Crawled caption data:

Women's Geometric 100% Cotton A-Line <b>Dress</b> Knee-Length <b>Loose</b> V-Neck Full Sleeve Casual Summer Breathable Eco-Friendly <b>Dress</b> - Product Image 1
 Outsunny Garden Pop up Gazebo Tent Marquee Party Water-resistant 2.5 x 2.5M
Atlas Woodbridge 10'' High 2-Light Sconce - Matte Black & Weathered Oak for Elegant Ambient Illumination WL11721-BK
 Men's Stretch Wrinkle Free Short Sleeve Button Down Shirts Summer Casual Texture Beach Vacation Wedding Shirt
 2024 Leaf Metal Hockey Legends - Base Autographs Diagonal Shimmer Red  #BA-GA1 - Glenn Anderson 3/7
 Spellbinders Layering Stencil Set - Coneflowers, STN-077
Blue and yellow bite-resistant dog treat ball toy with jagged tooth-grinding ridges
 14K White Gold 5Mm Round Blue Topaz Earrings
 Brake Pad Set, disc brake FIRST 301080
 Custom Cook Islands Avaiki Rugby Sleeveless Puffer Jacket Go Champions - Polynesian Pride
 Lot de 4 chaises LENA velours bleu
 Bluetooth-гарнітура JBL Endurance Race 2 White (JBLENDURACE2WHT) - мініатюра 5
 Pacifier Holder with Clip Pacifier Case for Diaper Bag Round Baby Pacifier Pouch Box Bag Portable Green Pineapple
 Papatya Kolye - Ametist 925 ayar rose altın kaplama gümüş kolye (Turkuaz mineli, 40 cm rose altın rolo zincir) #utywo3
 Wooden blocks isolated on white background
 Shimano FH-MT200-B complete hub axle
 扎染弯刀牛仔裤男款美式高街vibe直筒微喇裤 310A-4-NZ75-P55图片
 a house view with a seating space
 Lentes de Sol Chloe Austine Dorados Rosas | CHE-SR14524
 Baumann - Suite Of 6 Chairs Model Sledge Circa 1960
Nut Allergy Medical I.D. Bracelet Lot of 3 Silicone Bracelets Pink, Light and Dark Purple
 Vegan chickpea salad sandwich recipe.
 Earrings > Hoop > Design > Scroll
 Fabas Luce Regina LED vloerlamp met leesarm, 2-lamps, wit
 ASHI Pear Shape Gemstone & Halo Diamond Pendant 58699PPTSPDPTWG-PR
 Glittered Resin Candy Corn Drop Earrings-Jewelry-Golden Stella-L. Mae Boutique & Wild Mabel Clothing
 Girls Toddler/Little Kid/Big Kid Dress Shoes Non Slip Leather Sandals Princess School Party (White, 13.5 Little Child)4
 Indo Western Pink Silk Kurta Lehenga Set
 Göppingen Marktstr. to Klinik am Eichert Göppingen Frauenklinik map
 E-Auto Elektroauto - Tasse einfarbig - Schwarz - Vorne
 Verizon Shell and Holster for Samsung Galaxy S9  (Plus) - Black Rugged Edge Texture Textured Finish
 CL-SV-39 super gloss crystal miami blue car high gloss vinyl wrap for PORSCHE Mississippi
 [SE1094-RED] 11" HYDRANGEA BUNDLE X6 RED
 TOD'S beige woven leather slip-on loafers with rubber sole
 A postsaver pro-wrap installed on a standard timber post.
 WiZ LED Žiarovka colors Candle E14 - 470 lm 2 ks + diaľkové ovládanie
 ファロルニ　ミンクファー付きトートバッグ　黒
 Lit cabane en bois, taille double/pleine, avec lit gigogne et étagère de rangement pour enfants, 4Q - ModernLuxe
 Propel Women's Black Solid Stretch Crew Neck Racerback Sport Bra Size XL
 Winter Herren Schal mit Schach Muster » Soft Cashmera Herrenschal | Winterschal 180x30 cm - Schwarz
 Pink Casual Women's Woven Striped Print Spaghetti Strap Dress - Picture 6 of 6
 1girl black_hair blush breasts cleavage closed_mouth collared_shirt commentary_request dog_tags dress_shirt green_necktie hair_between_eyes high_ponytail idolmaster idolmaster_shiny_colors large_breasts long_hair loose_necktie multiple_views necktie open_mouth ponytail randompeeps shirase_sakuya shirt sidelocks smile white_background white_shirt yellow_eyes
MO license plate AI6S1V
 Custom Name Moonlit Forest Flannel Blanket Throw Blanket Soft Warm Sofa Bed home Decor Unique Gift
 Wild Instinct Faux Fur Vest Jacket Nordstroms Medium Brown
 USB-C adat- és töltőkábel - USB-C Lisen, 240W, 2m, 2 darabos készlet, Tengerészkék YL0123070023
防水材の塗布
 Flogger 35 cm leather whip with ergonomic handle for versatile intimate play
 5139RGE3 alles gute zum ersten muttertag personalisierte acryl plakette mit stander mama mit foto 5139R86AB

▸ What is being asked:
Repeat the full set of records above character for character.

▸ Exercise result:
Women's Geometric 100% Cotton A-Line <b>Dress</b> Knee-Length <b>Loose</b> V-Neck Full Sleeve Casual Summer Breathable Eco-Friendly <b>Dress</b> - Product Image 1
 Outsunny Garden Pop up Gazebo Tent Marquee Party Water-resistant 2.5 x 2.5M
Atlas Woodbridge 10'' High 2-Light Sconce - Matte Black & Weathered Oak for Elegant Ambient Illumination WL11721-BK
 Men's Stretch Wrinkle Free Short Sleeve Button Down Shirts Summer Casual Texture Beach Vacation Wedding Shirt
 2024 Leaf Metal Hockey Legends - Base Autographs Diagonal Shimmer Red  #BA-GA1 - Glenn Anderson 3/7
 Spellbinders Layering Stencil Set - Coneflowers, STN-077
Blue and yellow bite-resistant dog treat ball toy with jagged tooth-grinding ridges
 14K White Gold 5Mm Round Blue Topaz Earrings
 Brake Pad Set, disc brake FIRST 301080
 Custom Cook Islands Avaiki Rugby Sleeveless Puffer Jacket Go Champions - Polynesian Pride
 Lot de 4 chaises LENA velours bleu
 Bluetooth-гарнітура JBL Endurance Race 2 White (JBLENDURACE2WHT) - мініатюра 5
 Pacifier Holder with Clip Pacifier Case for Diaper Bag Round Baby Pacifier Pouch Box Bag Portable Green Pineapple
 Papatya Kolye - Ametist 925 ayar rose altın kaplama gümüş kolye (Turkuaz mineli, 40 cm rose altın rolo zincir) #utywo3
 Wooden blocks isolated on white background
 Shimano FH-MT200-B complete hub axle
 扎染弯刀牛仔裤男款美式高街vibe直筒微喇裤 310A-4-NZ75-P55图片
 a house view with a seating space
 Lentes de Sol Chloe Austine Dorados Rosas | CHE-SR14524
 Baumann - Suite Of 6 Chairs Model Sledge Circa 1960
Nut Allergy Medical I.D. Bracelet Lot of 3 Silicone Bracelets Pink, Light and Dark Purple
 Vegan chickpea salad sandwich recipe.
 Earrings > Hoop > Design > Scroll
 Fabas Luce Regina LED vloerlamp met leesarm, 2-lamps, wit
 ASHI Pear Shape Gemstone & Halo Diamond Pendant 58699PPTSPDPTWG-PR
 Glittered Resin Candy Corn Drop Earrings-Jewelry-Golden Stella-L. Mae Boutique & Wild Mabel Clothing
 Girls Toddler/Little Kid/Big Kid Dress Shoes Non Slip Leather Sandals Princess School Party (White, 13.5 Little Child)4
 Indo Western Pink Silk Kurta Lehenga Set
 Göppingen Marktstr. to Klinik am Eichert Göppingen Frauenklinik map
 E-Auto Elektroauto - Tasse einfarbig - Schwarz - Vorne
 Verizon Shell and Holster for Samsung Galaxy S9  (Plus) - Black Rugged Edge Texture Textured Finish
 CL-SV-39 super gloss crystal miami blue car high gloss vinyl wrap for PORSCHE Mississippi
 [SE1094-RED] 11" HYDRANGEA BUNDLE X6 RED
 TOD'S beige woven leather slip-on loafers with rubber sole
 A postsaver pro-wrap installed on a standard timber post.
 WiZ LED Žiarovka colors Candle E14 - 470 lm 2 ks + diaľkové ovládanie
 ファロルニ　ミンクファー付きトートバッグ　黒
 Lit cabane en bois, taille double/pleine, avec lit gigogne et étagère de rangement pour enfants, 4Q - ModernLuxe
 Propel Women's Black Solid Stretch Crew Neck Racerback Sport Bra Size XL
 Winter Herren Schal mit Schach Muster » Soft Cashmera Herrenschal | Winterschal 180x30 cm - Schwarz
 Pink Casual Women's Woven Striped Print Spaghetti Strap Dress - Picture 6 of 6
 1girl black_hair blush breasts cleavage closed_mouth collared_shirt commentary_request dog_tags dress_shirt green_necktie hair_between_eyes high_ponytail idolmaster idolmaster_shiny_colors large_breasts long_hair loose_necktie multiple_views necktie open_mouth ponytail randompeeps shirase_sakuya shirt sidelocks smile white_background white_shirt yellow_eyes
MO license plate AI6S1V
 Custom Name Moonlit Forest Flannel Blanket Throw Blanket Soft Warm Sofa Bed home Decor Unique Gift
 Wild Instinct Faux Fur Vest Jacket Nordstroms Medium Brown
 USB-C adat- és töltőkábel - USB-C Lisen, 240W, 2m, 2 darabos készlet, Tengerészkék YL0123070023
防水材の塗布
 Flogger 35 cm leather whip with ergonomic handle for versatile intimate play
 5139RGE3 alles gute zum ersten muttertag personalisierte acryl plakette mit stander mama mit foto 5139R86AB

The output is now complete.